The bird of the trip, was a raptor. A cool raptor. Then again, all raptors are cool. I was fortunate enough to see three of my second most wanted bird: The large and impressive, Black Hawk Eagle. My first sighting was a bird high up in the sky, on Pipeline Road.
That sighting was nice and offered excellent views. However, my best sighting would come on my second to last day of the trip. When I found a perched bird right off the "trail."
He/she was very cooperative, allowing several close views. He flew off but returned again, after Michael, my guide, vocalized his call. Where the bird perched next to us once again, allowing us killer in your face, eye to eye views through the scope.
Though light and small compared to other eagles, this bird is a powerful predator that frequently hunts relatively large prey. It mainly eats large rodents opossums and monkeys as well as, occasionally, bats and birds. Its popular name in Brazil is "Gavião-pega-macaco", which means "monkey-catching hawk". The birds it takes can be quite large, such as toucans,and chachalacas
These pictures do not do this magnificent raptor justice. The pictures also do not impress the closeness of this bird while perched. It was an amazing experience having this bird, stare me in the eye. It's orange eyes seemed to burn right through me.

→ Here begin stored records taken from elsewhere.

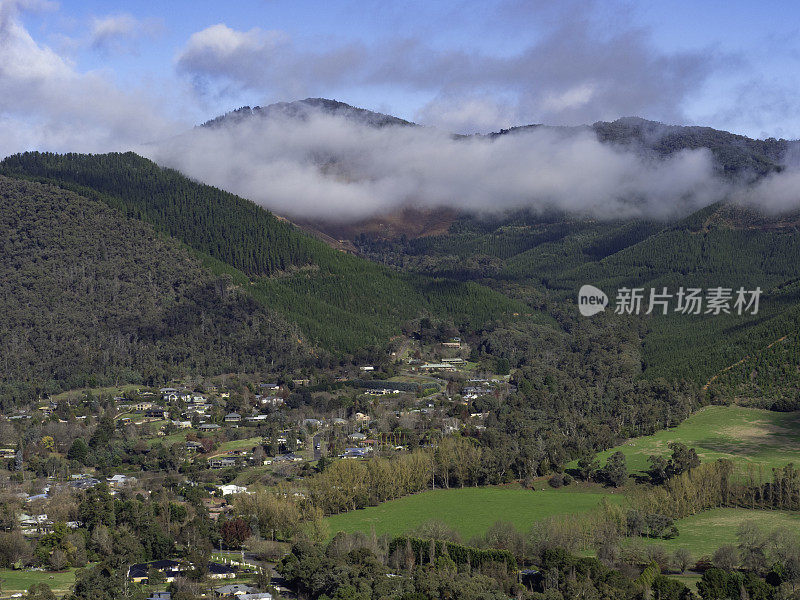 山谷中的邻居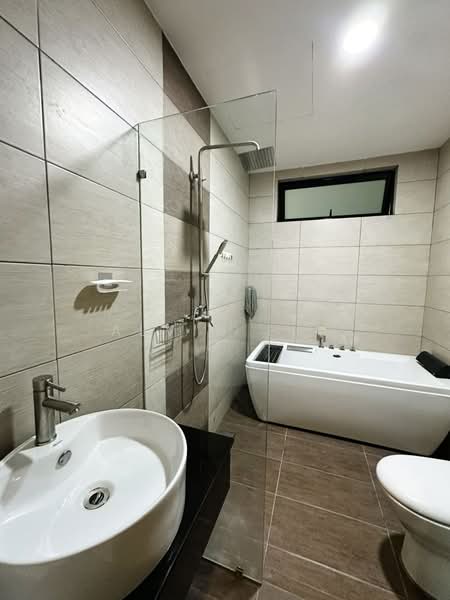Servis Apartment untuk Disewa di Molek Regency - Alvin Lim - Bathroom - PropertyGuru.com.my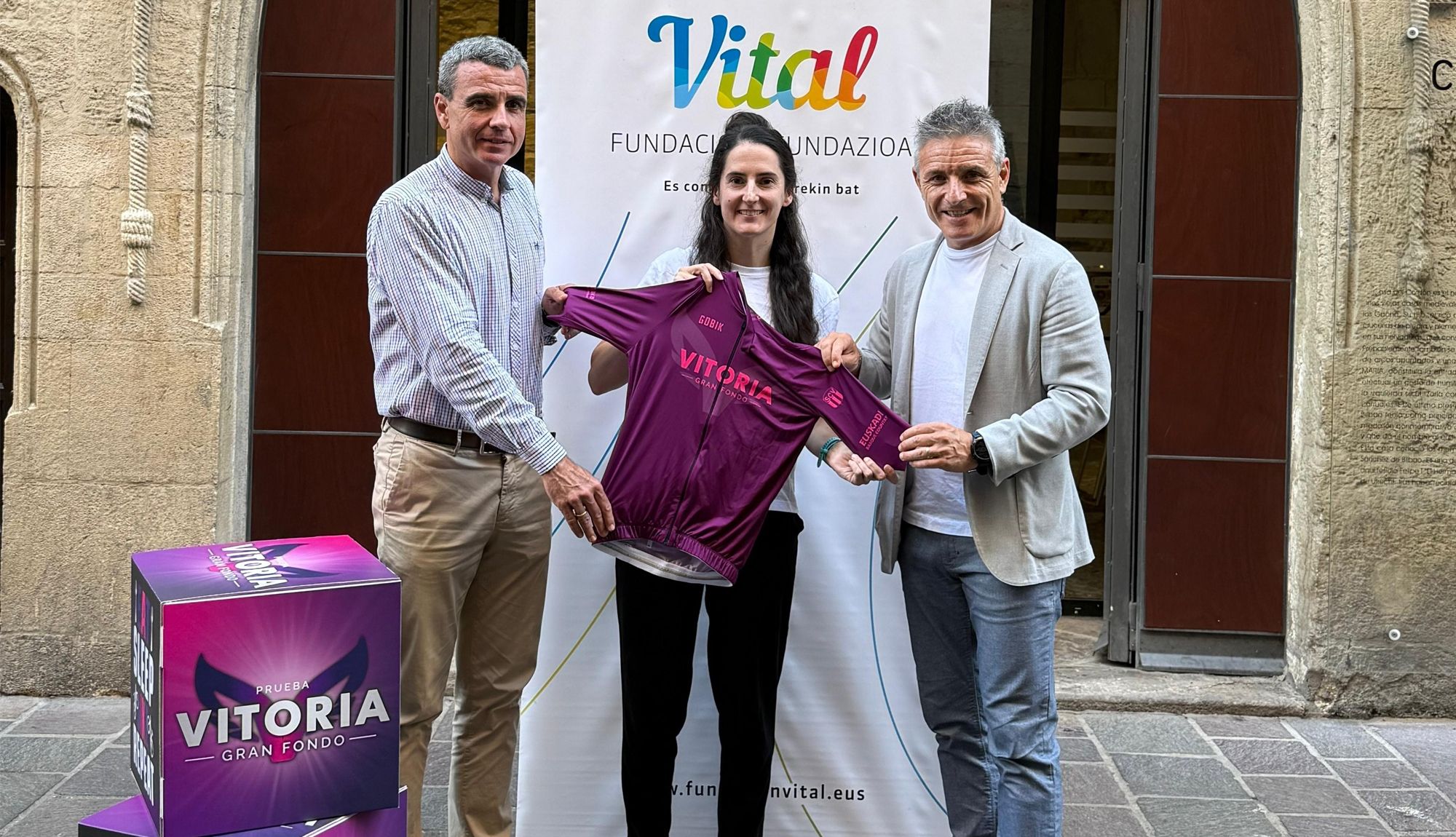 Gran Fondo Vitoria agota dorsales y reunirá este sábado a 800 ciclistas de siete países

In this video from my cellphone, you can see just a very small fraction of an Army Ant Swarm
The list of Antbirds, Antwrens, Antshrikes, Antpittas, and Woodcreepers (these are birds)that were present at these swarms were awesome and added many lifers to my growing list of birds.from the trip
These guys took full advantage of gleaning the scurrying insects from the path of the advancing swarm. Sometimes, the antbirds ate the ants,
Another follower of the swarm, was the beautiful Spotted Anbird (left). The photo is blurry, due to low light levels at the forest floor and that, this little dude wouldn't stop moving.